▶ [COLLECTED DATA]
"""
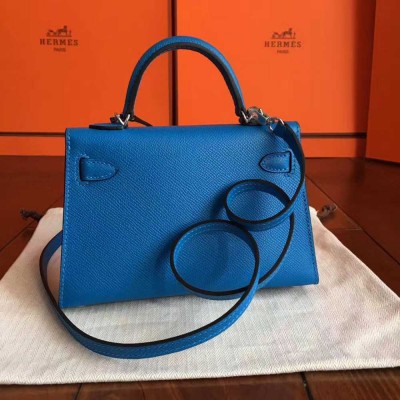 Hermes Kelly Mini II Handmade Bag In Blue Izmir Epsom Leather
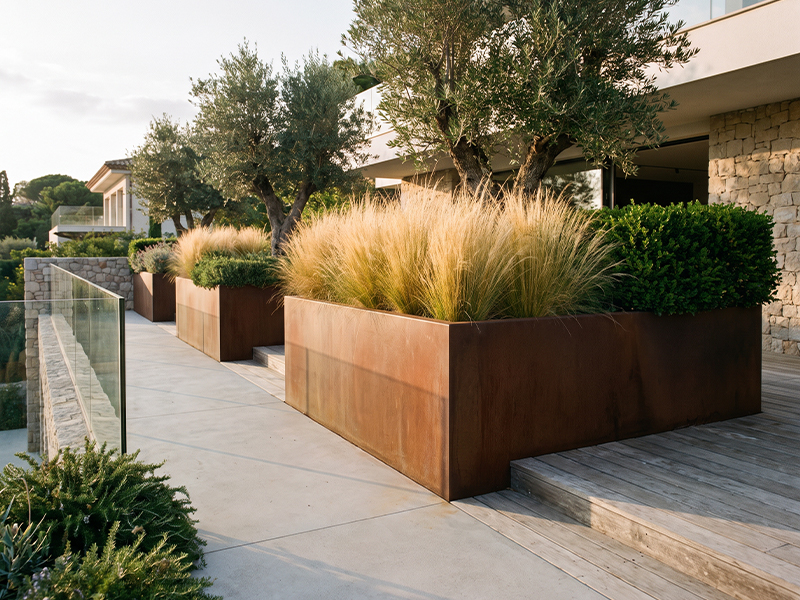 Grandes jardinières en acier Corten remplies d’oliviers et de végétation dans l’aménagement extérieur d’une villa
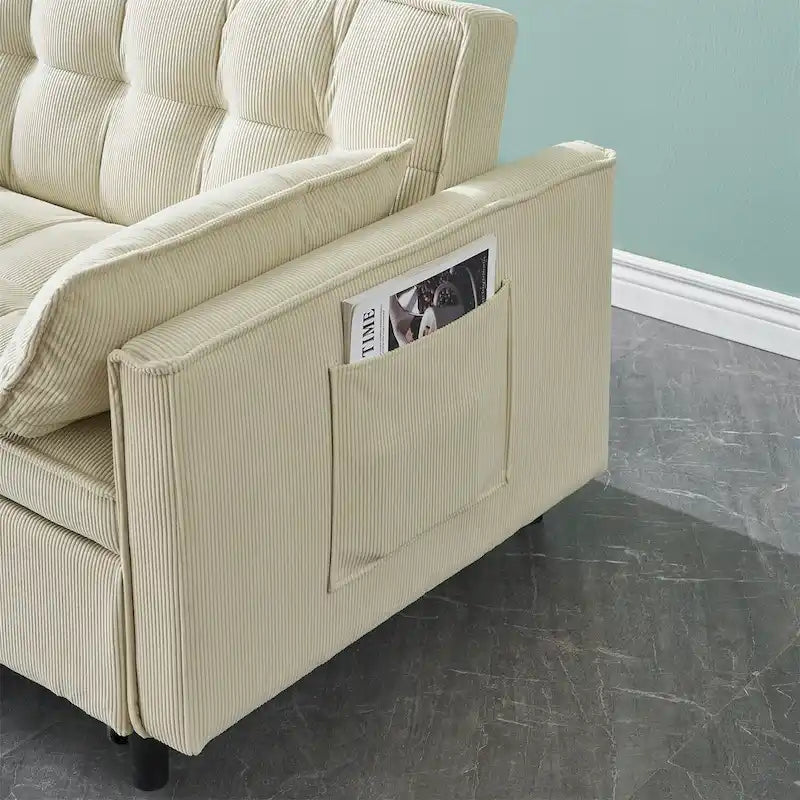 Beige / Pink / Orange / Grey Corduroy Loveseat Sofa Bed with Adjustable Back, 2-Seater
"""
Would you retype all the lines shown above, exactly as written and without any picture?

 Hermes Kelly Mini II Handmade Bag In Blue Izmir Epsom Leather
 Grandes jardinières en acier Corten remplies d’oliviers et de végétation dans l’aménagement extérieur d’une villa
 Beige / Pink / Orange / Grey Corduroy Loveseat Sofa Bed with Adjustable Back, 2-Seater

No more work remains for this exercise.